If an entry holds a picture, leave the picture out and copy the rest exactly.
──────────
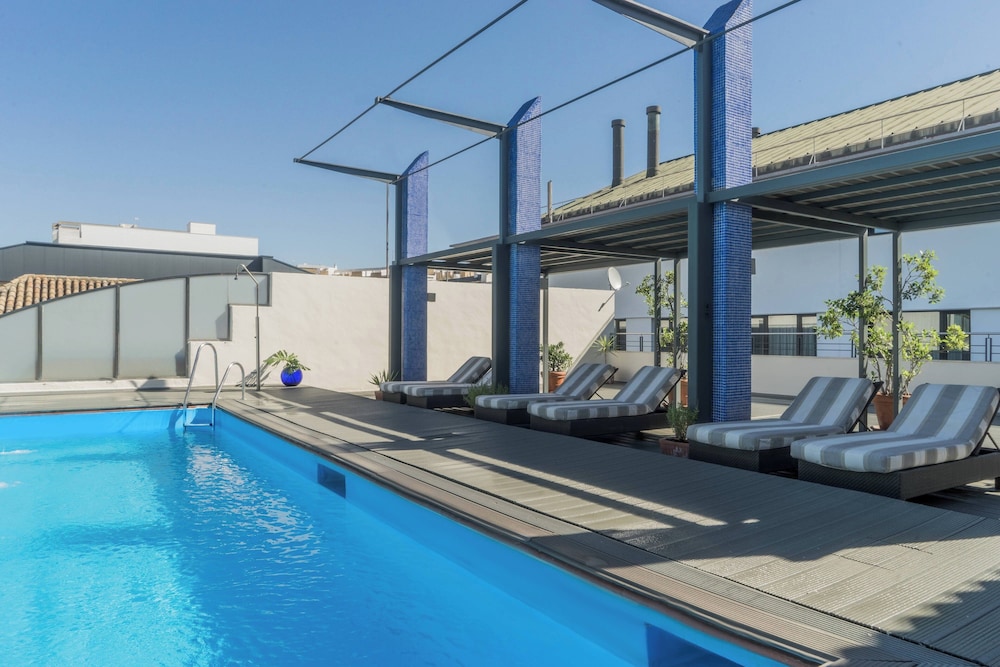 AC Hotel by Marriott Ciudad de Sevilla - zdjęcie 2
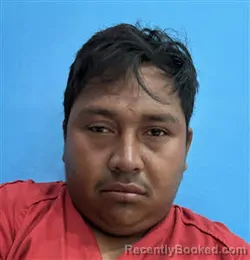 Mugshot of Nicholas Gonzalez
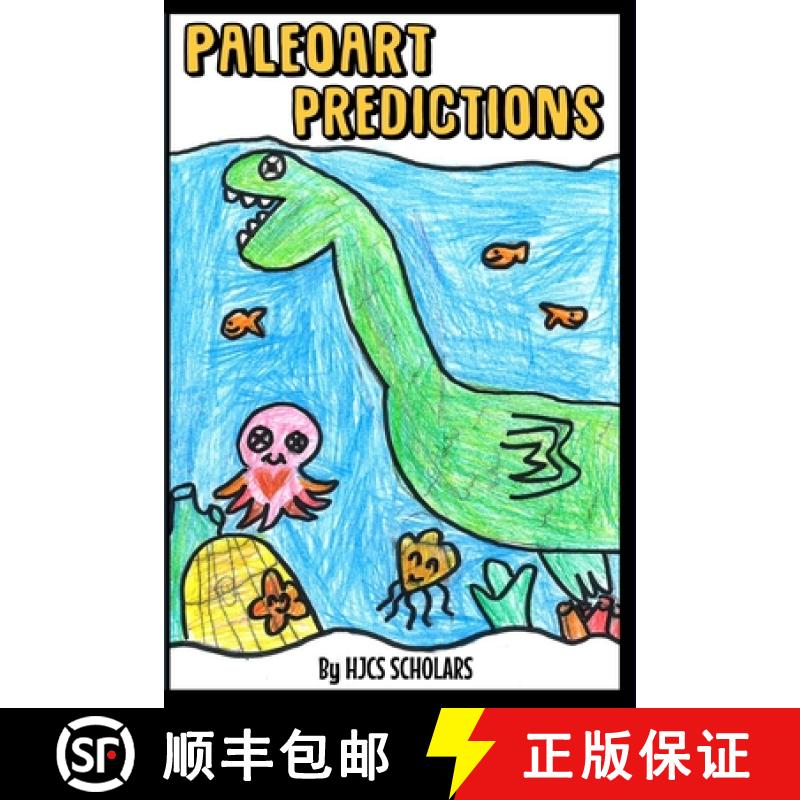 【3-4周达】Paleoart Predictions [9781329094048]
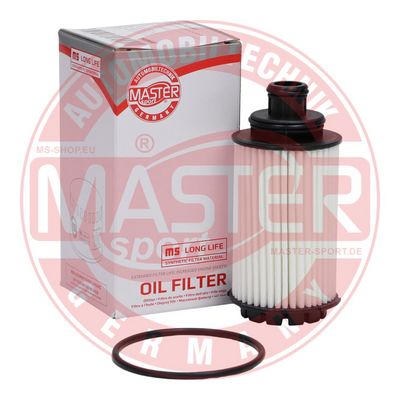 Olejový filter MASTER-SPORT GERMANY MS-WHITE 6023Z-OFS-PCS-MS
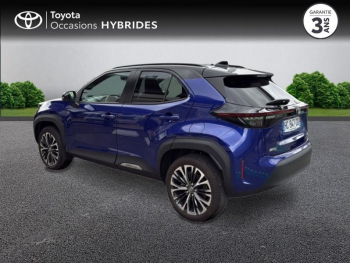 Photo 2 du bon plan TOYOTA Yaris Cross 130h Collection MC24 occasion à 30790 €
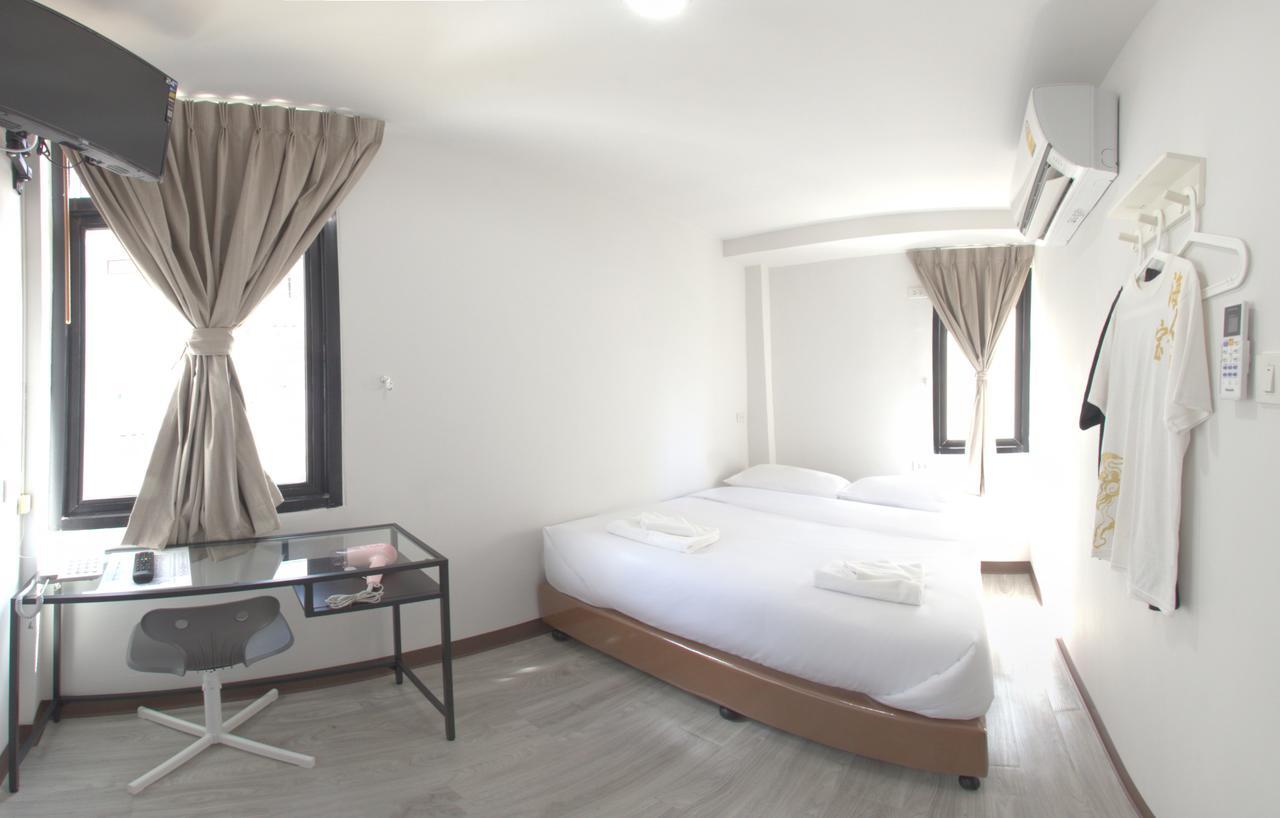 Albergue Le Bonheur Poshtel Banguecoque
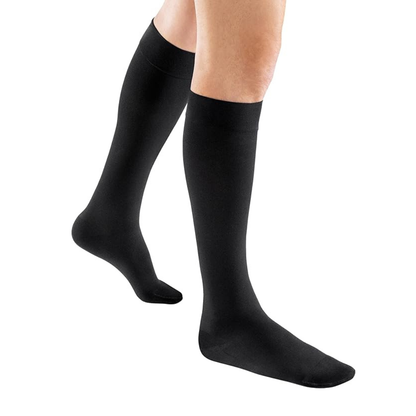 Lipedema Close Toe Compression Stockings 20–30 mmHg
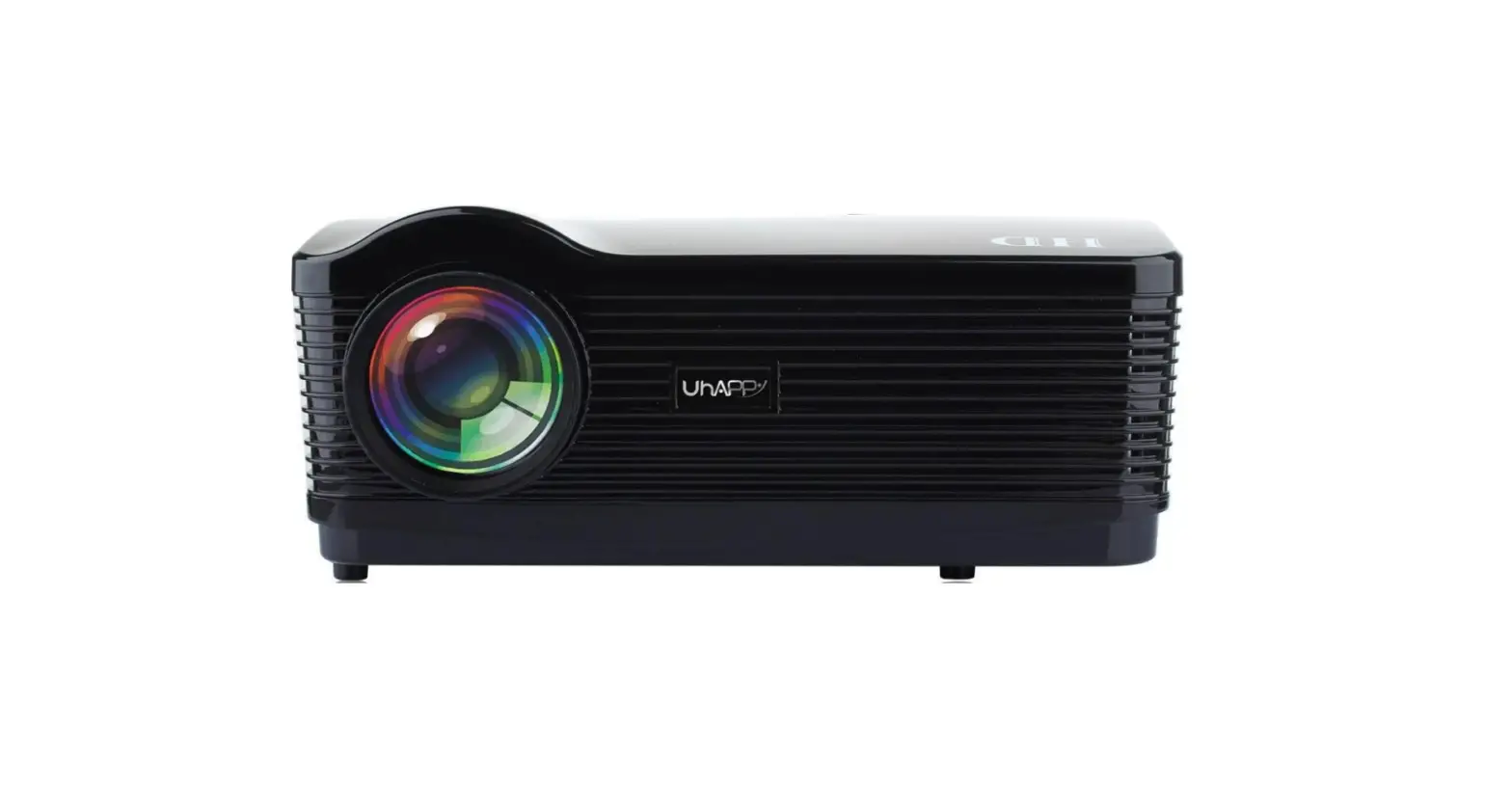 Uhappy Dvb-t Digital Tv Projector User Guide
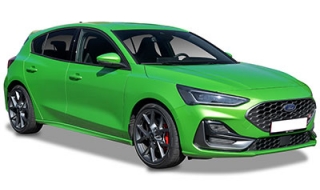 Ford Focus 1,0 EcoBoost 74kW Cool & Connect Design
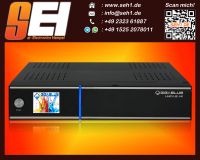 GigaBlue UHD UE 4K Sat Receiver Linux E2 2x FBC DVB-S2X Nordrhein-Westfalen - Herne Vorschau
──────────
■ **Output of the task**:
 AC Hotel by Marriott Ciudad de Sevilla - zdjęcie 2
 Mugshot of Nicholas Gonzalez
 【3-4周达】Paleoart Predictions [9781329094048]
 Olejový filter MASTER-SPORT GERMANY MS-WHITE 6023Z-OFS-PCS-MS
 Photo 2 du bon plan TOYOTA Yaris Cross 130h Collection MC24 occasion à 30790 €
 Albergue Le Bonheur Poshtel Banguecoque
 Lipedema Close Toe Compression Stockings 20–30 mmHg
 Uhappy Dvb-t Digital Tv Projector User Guide
 Ford Focus 1,0 EcoBoost 74kW Cool & Connect Design
 GigaBlue UHD UE 4K Sat Receiver Linux E2 2x FBC DVB-S2X Nordrhein-Westfalen - Herne Vorschau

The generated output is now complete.